LISTED RECORDS:
···

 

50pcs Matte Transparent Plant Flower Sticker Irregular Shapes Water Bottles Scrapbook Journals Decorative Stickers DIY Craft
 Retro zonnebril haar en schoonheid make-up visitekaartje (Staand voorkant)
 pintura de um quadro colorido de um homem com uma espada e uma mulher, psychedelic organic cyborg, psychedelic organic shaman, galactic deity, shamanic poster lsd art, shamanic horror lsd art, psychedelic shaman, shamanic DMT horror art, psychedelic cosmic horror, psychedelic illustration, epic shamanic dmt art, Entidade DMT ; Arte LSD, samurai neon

···

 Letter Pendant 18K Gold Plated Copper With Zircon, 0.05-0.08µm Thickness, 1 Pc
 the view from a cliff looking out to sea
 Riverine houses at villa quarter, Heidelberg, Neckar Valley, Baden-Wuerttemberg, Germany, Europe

···

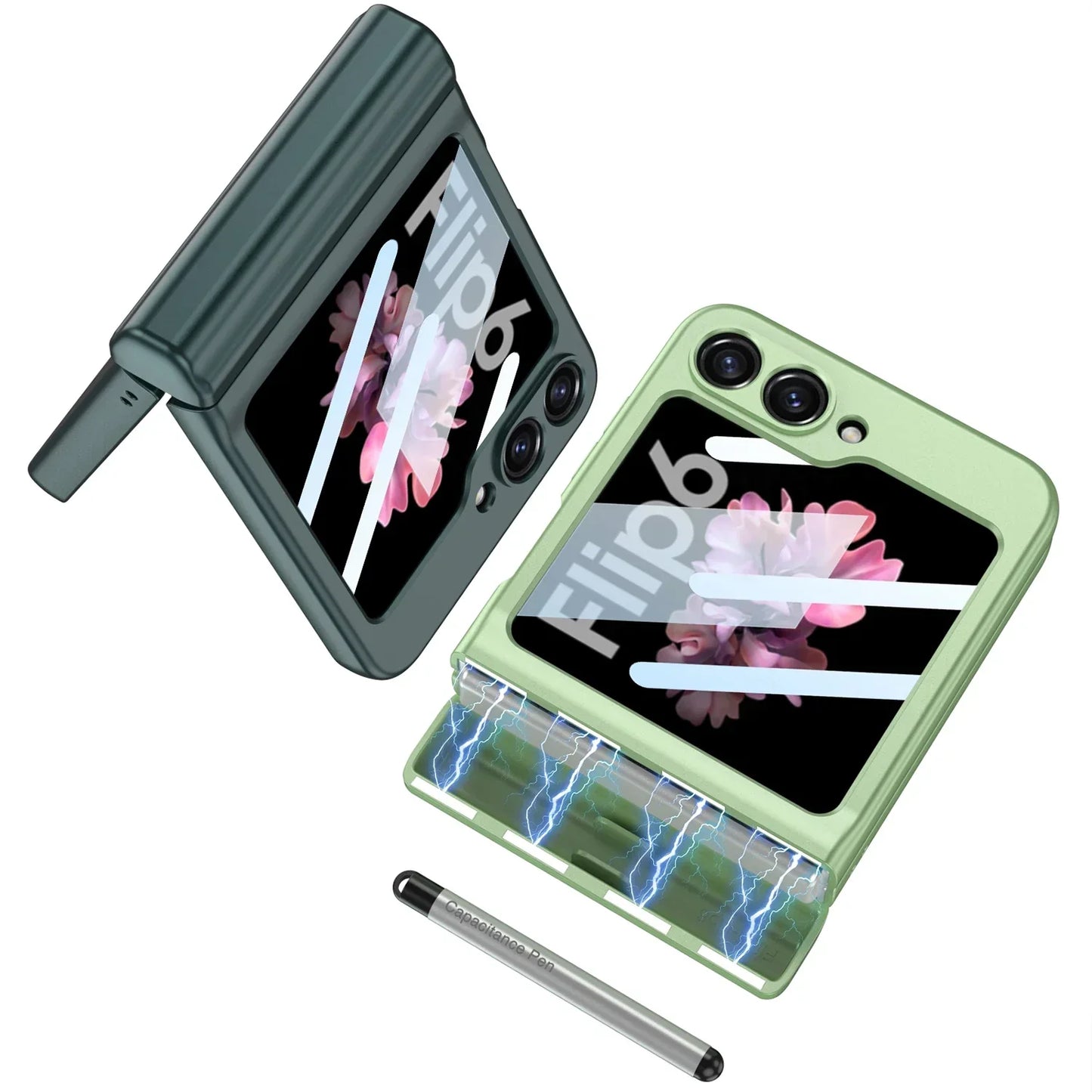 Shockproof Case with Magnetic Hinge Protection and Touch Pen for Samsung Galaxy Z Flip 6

···

EXERCISE GOAL: Retype exactly the lines of the data above that fall between the line with "Letter Pendant 18K" and the line with "Riverine houses at", inclusive, and add nothing.

WRITTEN ANSWER:
 Letter Pendant 18K Gold Plated Copper With Zircon, 0.05-0.08µm Thickness, 1 Pc
 the view from a cliff looking out to sea
 Riverine houses at villa quarter, Heidelberg, Neckar Valley, Baden-Wuerttemberg, Germany, Europe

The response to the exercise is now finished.